TheBanyanTree: I'm not cut out to be a boss
Monique Young
monique.ybs at verizon.net
Tue Mar 20 17:10:35 PDT 2007
So I have an employee. Her name is Sharon. She works for me
part-time, and she works for another client of mine part-time. She used to
work for me full time at the company I used to work at, until I got fed up
and quit, and then they laid her off because they're having a serious cash
flow problem. But we won't go into that.
Some days, like today, I have Sharon go to a client's office, and I
stay home. I like staying home. I find it a very conducive way to pass the
time. Sometimes I have to go in to the office, but since I can dial in
remotely and I only work for them 15 hours a week, this works even better.

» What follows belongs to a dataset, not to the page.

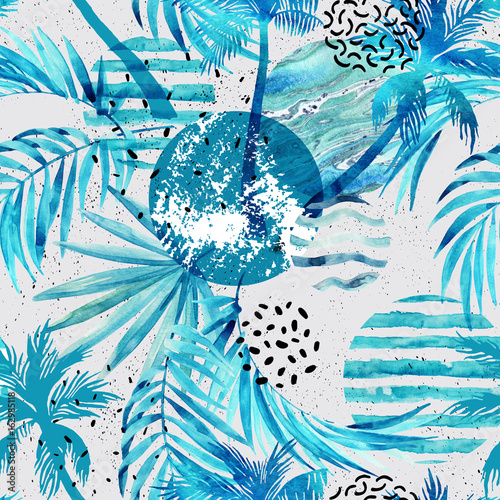 Fototapeta do kuchni Abstract summer tropical palm trees and leaves background.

Anyway, so Sharon goes in to the office and sees what's going on, and what
needs to be done, and as she comes across issues and things that need doing
she'll IM me to ask me what to do, or if I want something. I've already been
in remotely and reconciled the accounts and I see it's not looking pretty,
but that's neither here nor there. Sharon works without supervision, which
is how I like it.
We IM back and forth, get a few problems solved, a few invoices
done, and then Sharon says, "I've decided to sit on the beach today, would
you like to join me in sipping a fruity drink and getting some sun?"
Of course this sounds fabulous to me. I am certainly not opposed to
such an activity, especially after the day I've had. So I say that would be
lovely.
Then a thought occurs to me, and I must ask: "By the way, are you
billing me for the time you're sitting on the beach enjoying yourself?"
I do have to admit, my ability to pick employees is excellent, and I
always pick honest ones. Her reply: "Uhm, yes."
My reply? "Employees. Can't shoot them . . . "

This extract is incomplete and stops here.